Frustrated at the lack of progress, Ministers have brought the locus of control further to the center. Through legislation, instructions, guidance and incentives they now dictate many aspects of public sector organization design with disastrous consequences. To take just one example: the drive to improve access to services has meant Government money for call centers. With the establishment of a call center, part of what was a poor service is moved to a separate location and provided with electronic means to contact those with whom it had once been connected. . When you study the telephone calls going in to these call centers, you find the vast majority are what I call ‘failure demand’ – calls caused by a failure to do something or do something right for a customer. To pick up a call is not the same as solving a problem or provide a service. The costs of providing the service rise as another function is now involved and the communications between what are now called ‘front’ and ‘back’ offices exacerbate service delivery. The net result is worse service and higher cost. Yet these organizations achieve compliance with Government’s dictates.

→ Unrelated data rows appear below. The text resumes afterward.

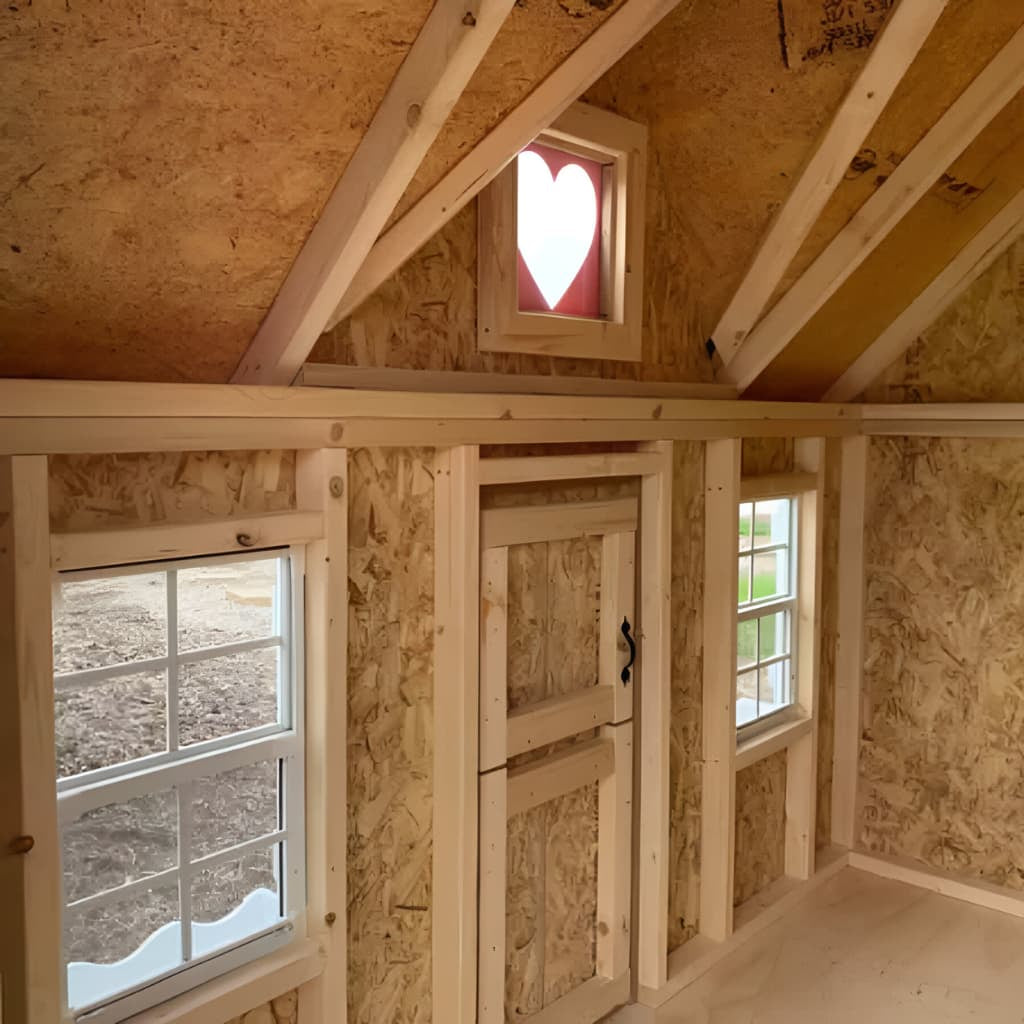 the Victorian Playhouse Kit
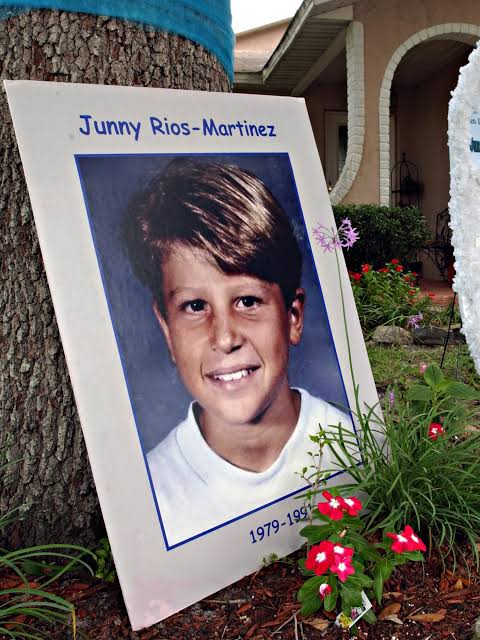 Junny Rios-Martinez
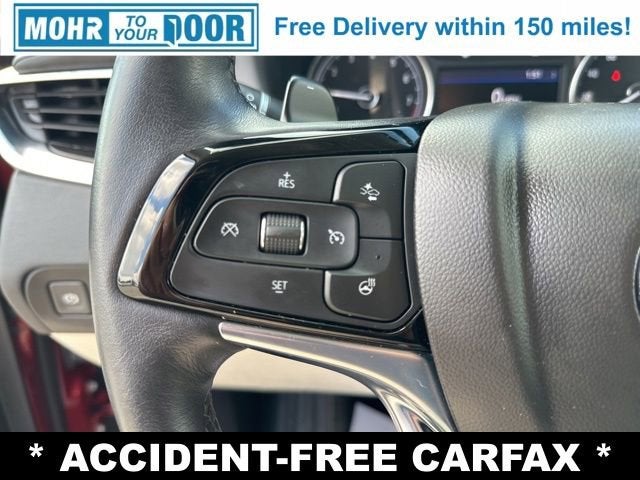 2023 Buick Enclave Essence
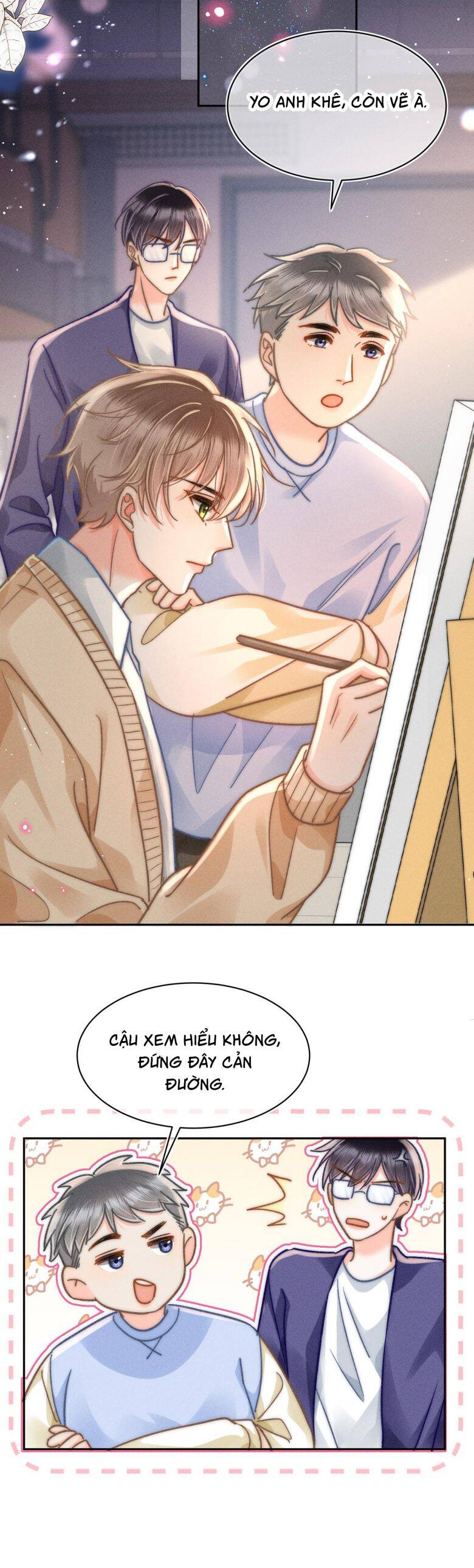 Ánh Trăng Vì Tôi Mà Đến Chapter  62 - 17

Government, obsessed with the command and control philosophy, has dictated the design of many of our services, placed value on using information technology and obliged many organizations to out-source or in other ways pass their work to others. While the evidence mounts that it is not working. Minister repeat and intensify their efforts, they try to do the wrong thing righter. It would be better if they asked what is the right thing to do
Improvement comes from within
It could have been and still could be so different. If Government understood the profundity of what had happened in Japanese manufacturing, they might appreciate the value of a radically different set of ideas. Taichi Ohno – creator of the Toyota Production System taught it is best when assessing an organization to look ‘in’, to study the work. It is of little value to assess oneself against others or against a model, or against a target, for the means for improvement lie within. It is a question of knowing how to look. The right measures can help people ‘see’. When measures are derived from flow rather than an arbitrary source, they help those who do the work —managers and workers alike – question the way the work works. Working on flow provides means to remove waste. Taichi Ohno showed how designing work by flow rather than function helps those who do it to learn how to remove everything from the work except the value work – the thing you are providing to the customer. These are simple ideas to apply in our public services and they result in fast change, for little is ‘made’.
Rather than illuminating the means for improvement, targets have provided an impenetrable fog over the means for improvement. The fog is held down by a burdensome infrastructure that seeks to serve its own purpose and hence tightens its grip. In the name of modernization Government has created ever-poorer performing public sector organizations and created within them demoralized and disaffected people. Our public sector organizations live in a dark age. It is time Ministers got out of management.